20230359-CA 3 2025 UT App 62 Sunrise Home Health v. Nye

¶7 After the initial discussion about creating what would come to be Ohana, Nye sent Lofgran an email that included “a rough summary of [Sunrise’s] income and patient numbers.” These reports showed “the number of admissions and referrals for [each month of] 2012, 2013, 2014, 2015” that Nye obtained from Sunrise’s password-protected computer system, DeVero, which maintained Sunrise’s confidential electronic medical records. Nye was one of three employees who had the necessary password for DeVero at any given time, apart from Matt Baker, Sunrise’s Chief Executive Officer, and his wife. Nye gave this information to Lofgran despite promising not to disclose the information in her agreements and not receiving permission to do so.

Disintegration of Nye’s Relationship with Sunrise

¶8 Around the same time, Baker heard rumors that Nye was considering breaching her noncompete agreements. Nye denied the rumors. On April 21, 2015, Nye was placed on administrative leave after Baker continued to hear that Nye was soliciting Sunrise’s patients and employees. While on leave, Nye put together a business plan for Ohana and emailed the plan to Lofgran. Sunrise terminated Nye for cause on April 28, 2015.

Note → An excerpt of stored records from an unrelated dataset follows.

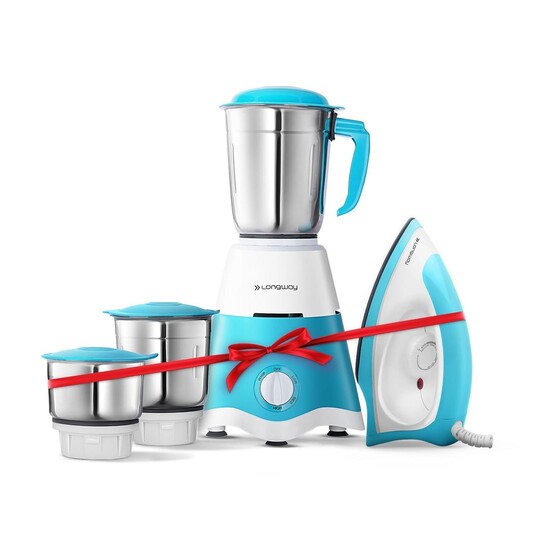 Longway Super Dlx Mixer Grinder with Kwid 1100W Dry Iron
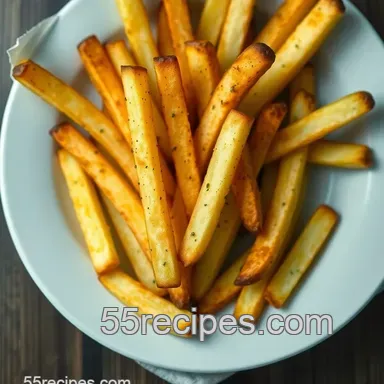 Delicious Oven French Fries: My Secret to Crispy Perfection Recipe Card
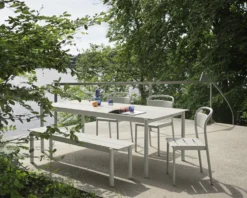 Linear steel bord 140 x 75 cm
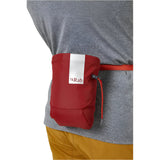 Rab Chalk Bag in Oxblood Red (Reference) - worn, side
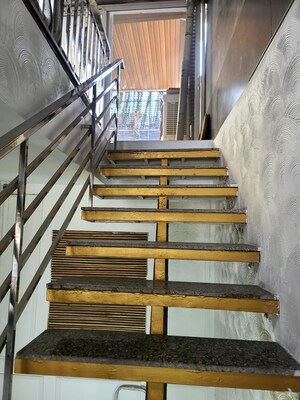 Staircase in 4 BHK Builder Floor at Jawahar Nagar – for Sale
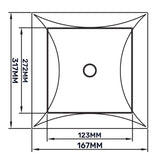 Access Panel Door PP, White 150mm x 300mm by Akor
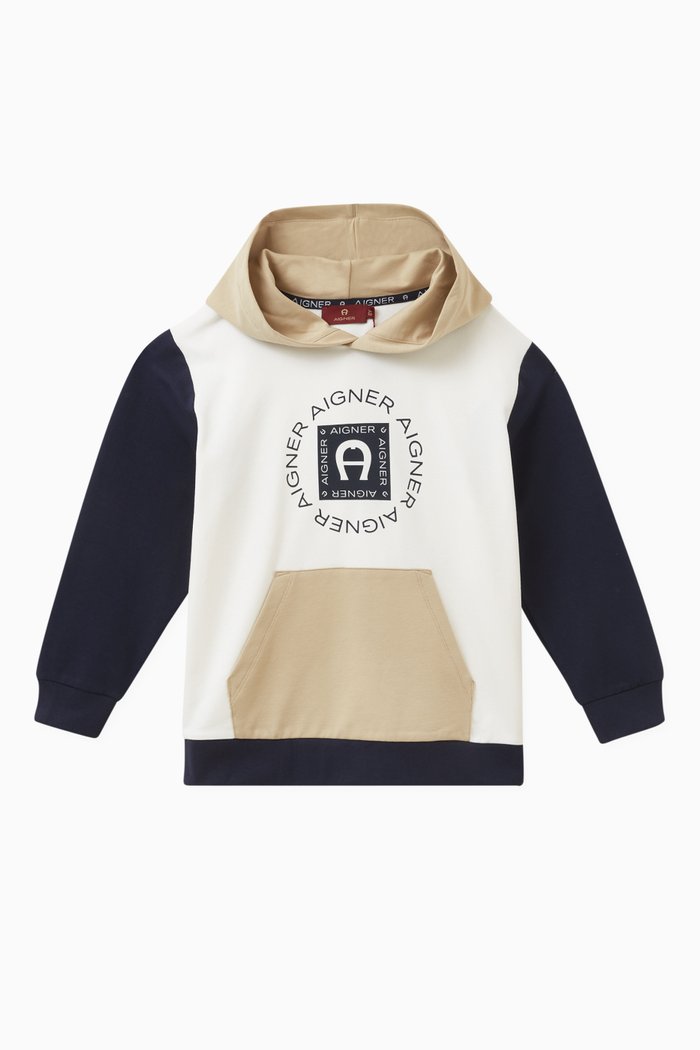 

Logo Hooded Sweatshirt in Cotton, Blue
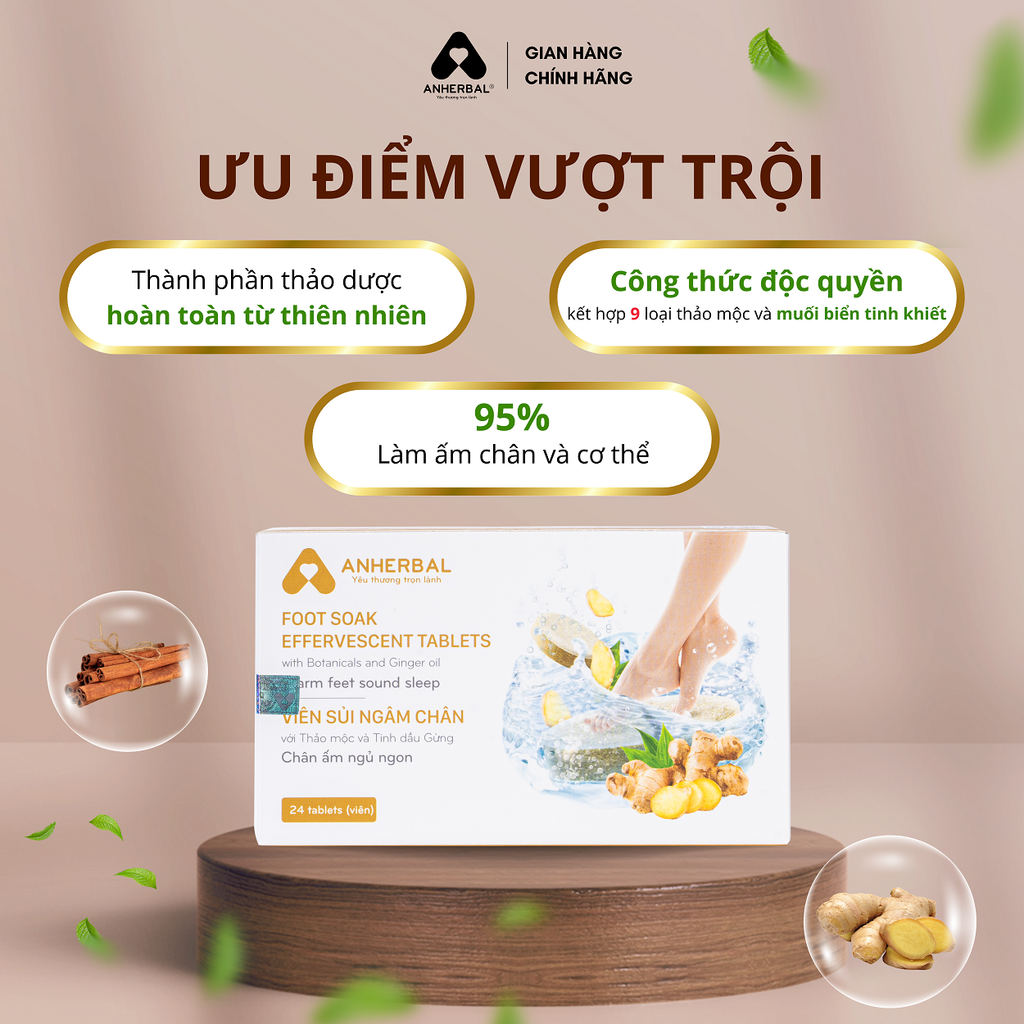 Combo Chân Ấm ngủ ngon, cải thiện giấc ngủ, ngủ sâu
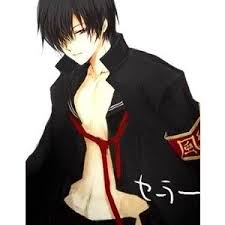 Anime Boy With Black Hair And Red Eyes Buscar Con Google Hot Anime Guys Black Hair Boy Anime Boy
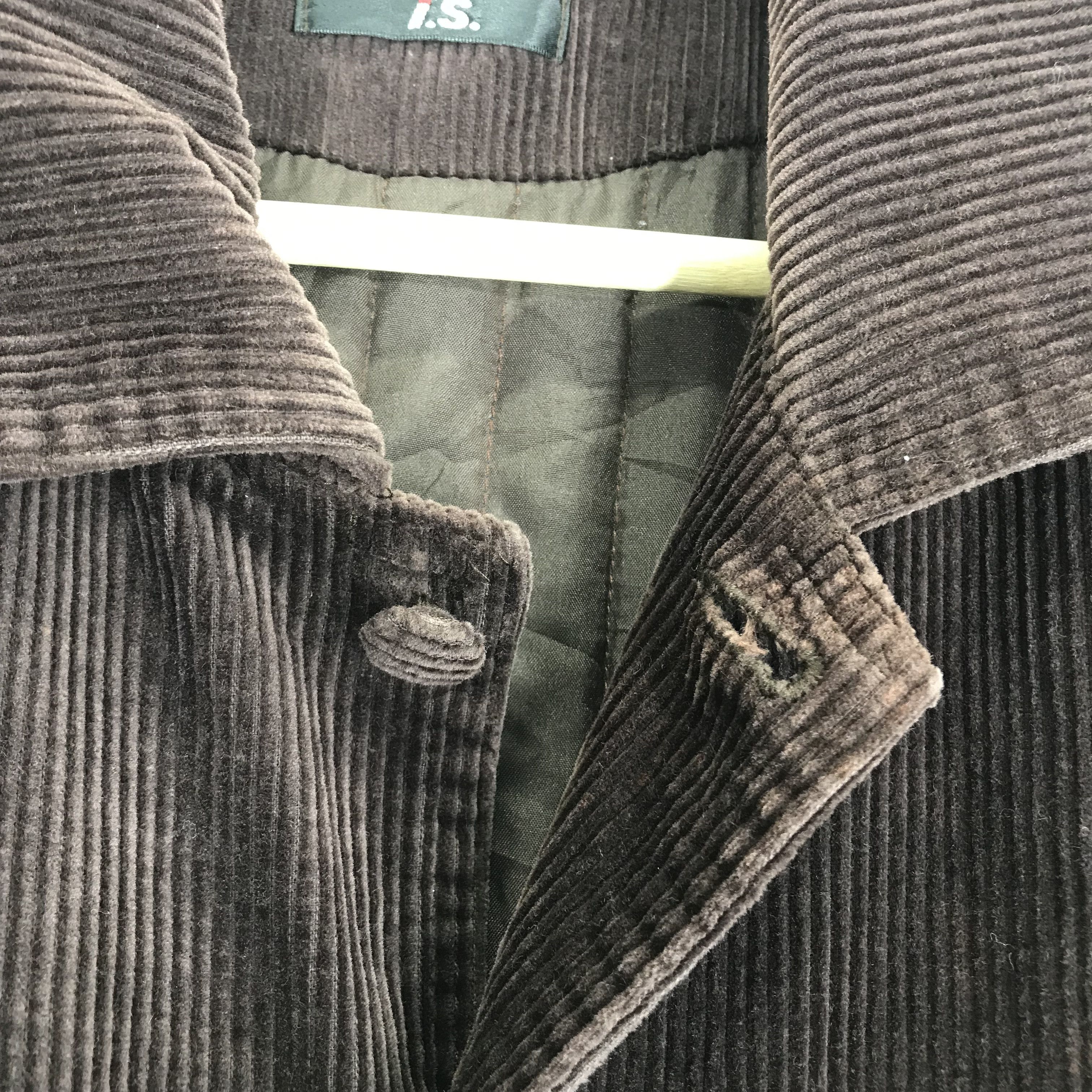 Issey Miyake Vintage Issey Sport IS Corduroy Jacket Brown Issey Miyake Size US L / EU 52-54 / 3 - 9 Thumbnail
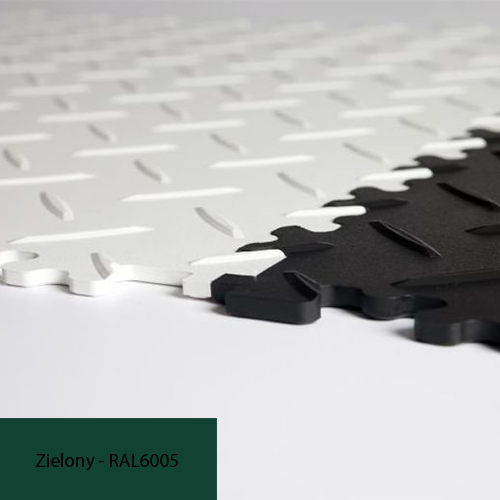 R-TILE Chequer Plate Zielony RAL 6005 4  mm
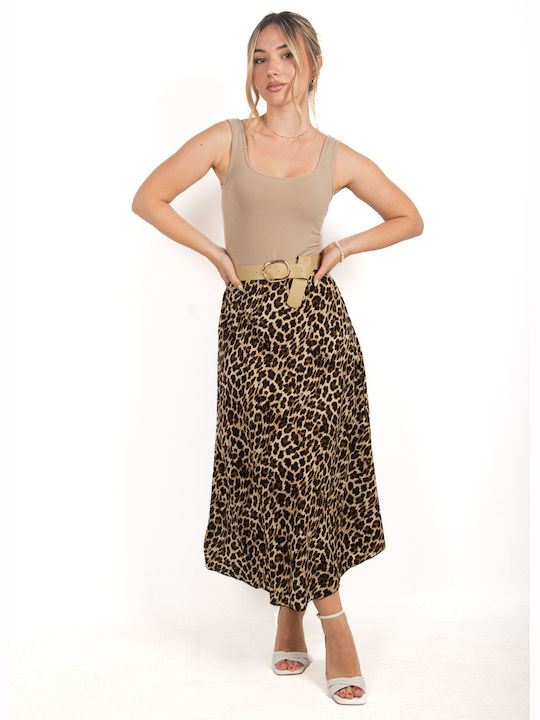 Ellen Skirt Leopard Leopard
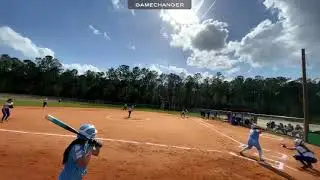 Sara Killough Triple @ Conway Christian Varsity Eagles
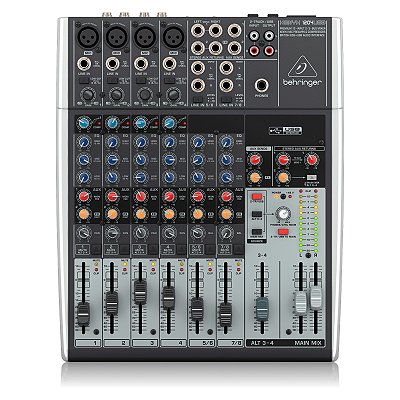 Mesa de Som 12 Canais com Efeitos Behringer XENYX 1204USB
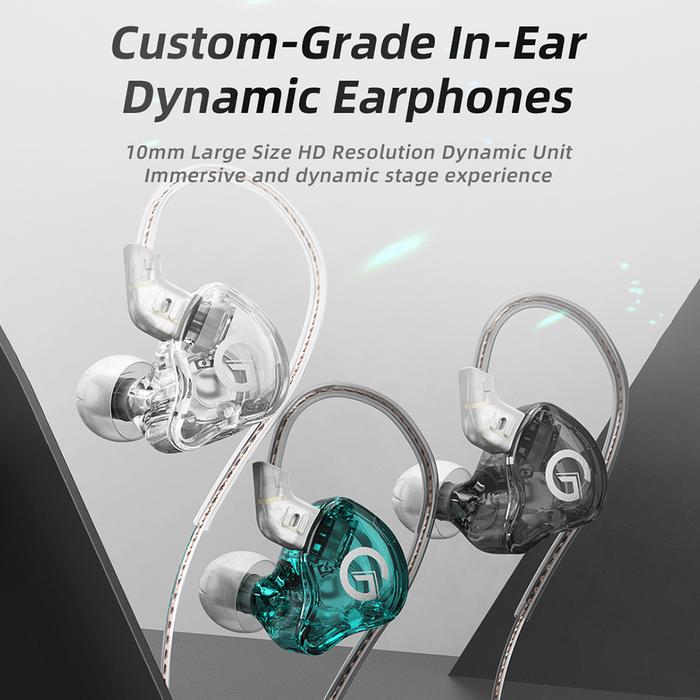 KZ GK G1 Wired Headset In Ear Monitor Music DJ Bass Cellphones Game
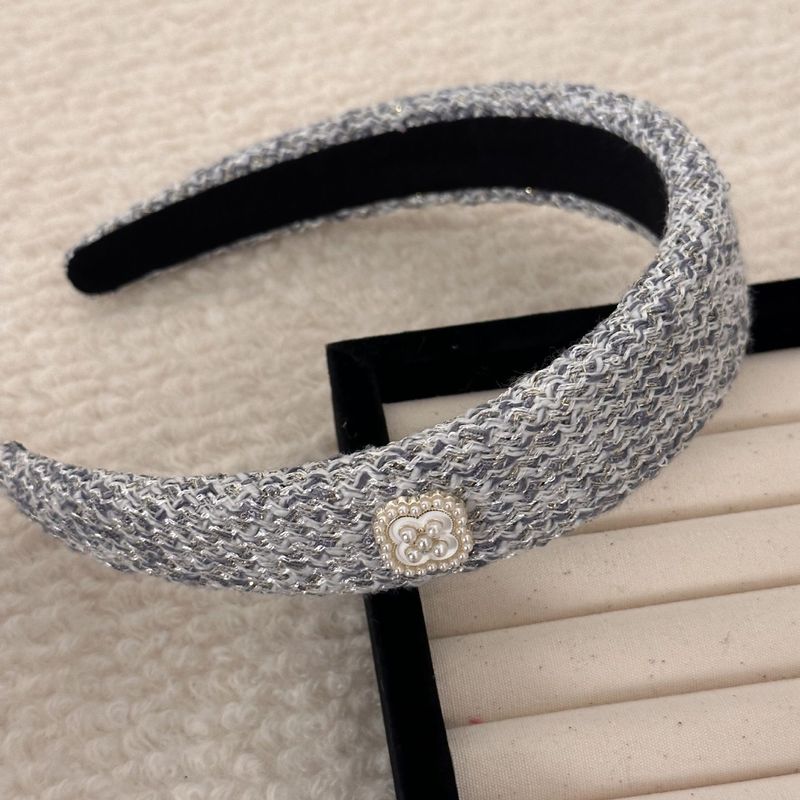 韓国の美ラードの金のカチューシャの女性の秋冬の高級感の洋気のファッションの高い頭のトップのカチューシャの外出のカチューシャの髪飾り|undefined
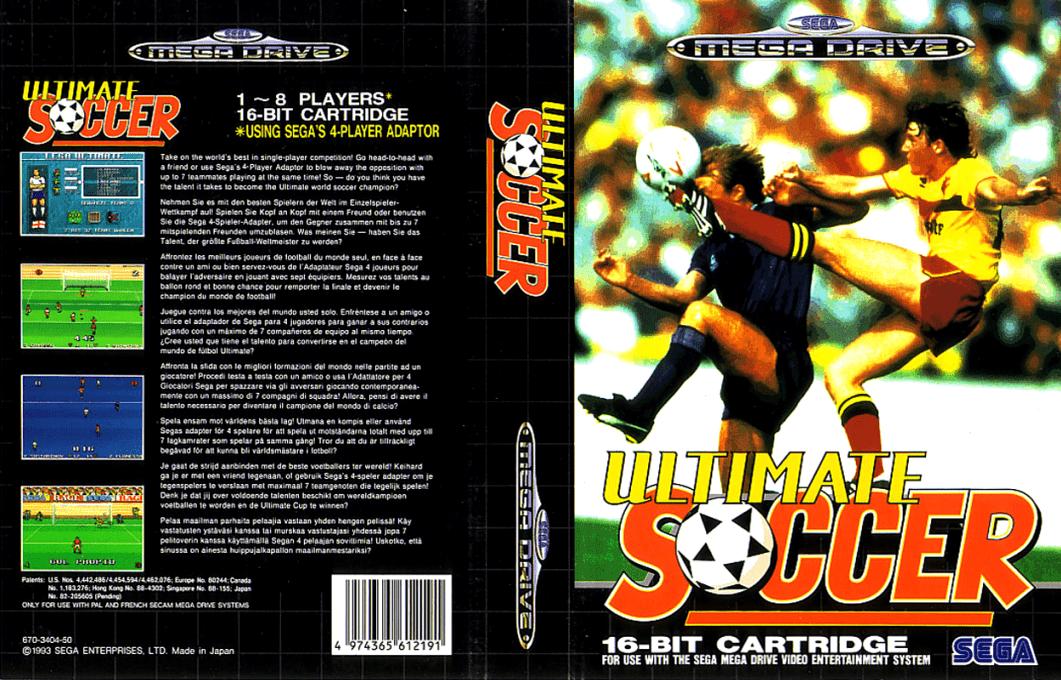 Ultimate Soccer — box-texture (EU)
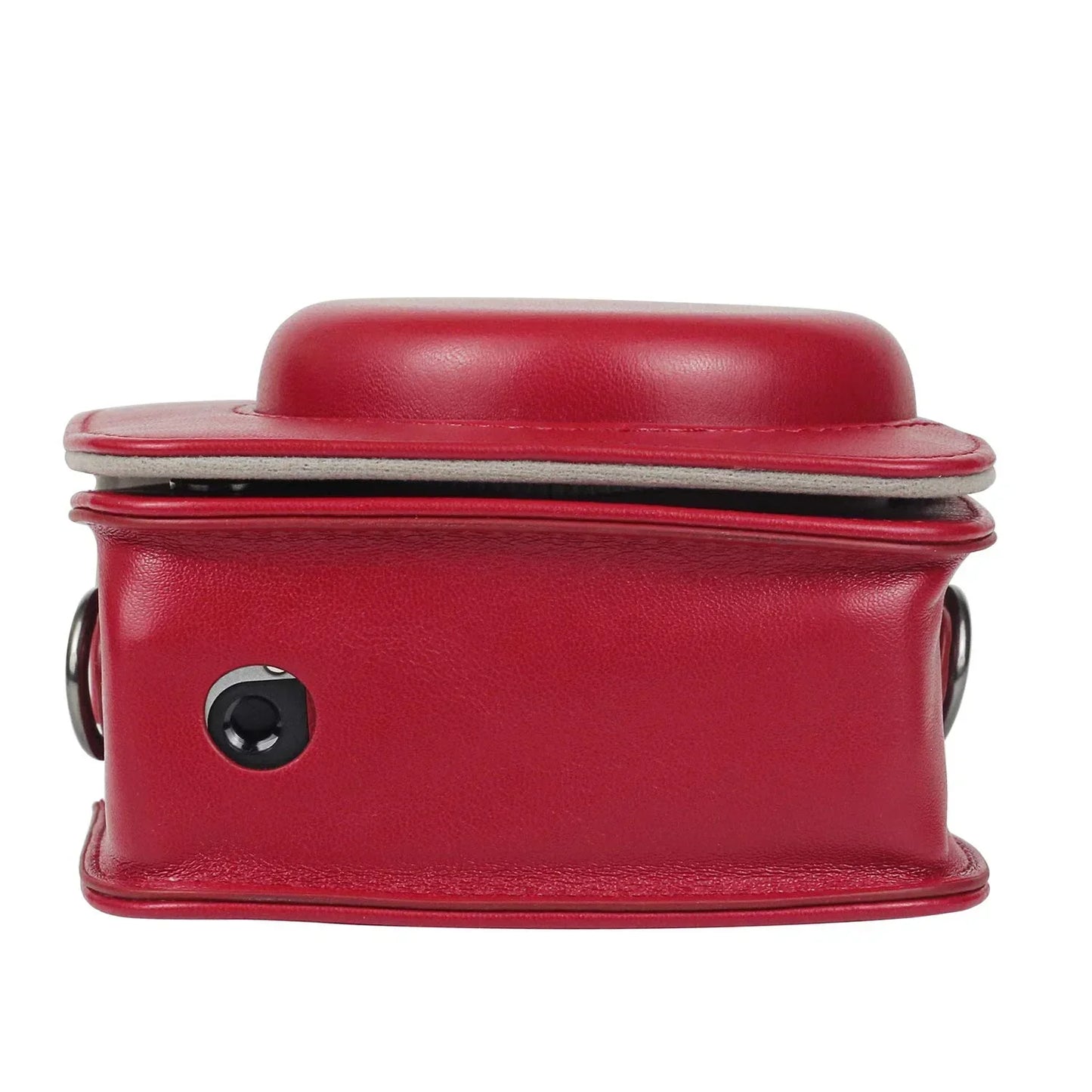Vintage Charm – Classic PU Leather Case with Strap for Instax Mini 90 Neo Classic - Red - Jaiman Toys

¶9 Also in April, Lofgran reached out to Steve, his friend and a client of the Firm, to see if Cutting Edge would be interested in investing in Ohana. Steve was the point of contact for Cutting Edge; his wife, Cami, was a member of Cutting Edge along with Hadley. According to Steve, he and Cami were “one and the same” for business purposes and his practice was to pass all the information he learned about potential investments to Cami and Hadley so they could make informed business decisions. Steve did not forward any patient information to Cami or Hadley, and neither Cami nor Hadley ever met or had contact with Nye. Lofgran forwarded Nye’s business plan to Steve along with the financial projection numbers Nye had sent him, which included additional patient and financial information.

20230359-CA 4 2025 UT App 62 Sunrise Home Health v. Nye

Ohana Secures Funding and Begins Operation

¶10 In early June 2015, Nye sent Lofgran an email entitled “Potential Patients,” which listed twenty-five patients from “Sunrise’s confidential patient list, with revenue generated by each patient, cost associated with each patient, and each patient’s type of care.” All patients were individuals that Nye either cared for directly or for whom she supervised care. The revenue and cost numbers were so close to Sunrise’s actual financial numbers that “they could not have been deduced without having access (at least through another employee) to Sunrise’s financial data.” Further, the patient care information could have only “been deduced by knowing what care the patients were actually receiving at Sunrise, as recorded in their respective diagnoses and care plans on their electronic medical record stored in DeVero.” Lofgran passed this information on to Steve. Both Lofgran and Steve recognized that the information they were sharing was sensitive and confidential.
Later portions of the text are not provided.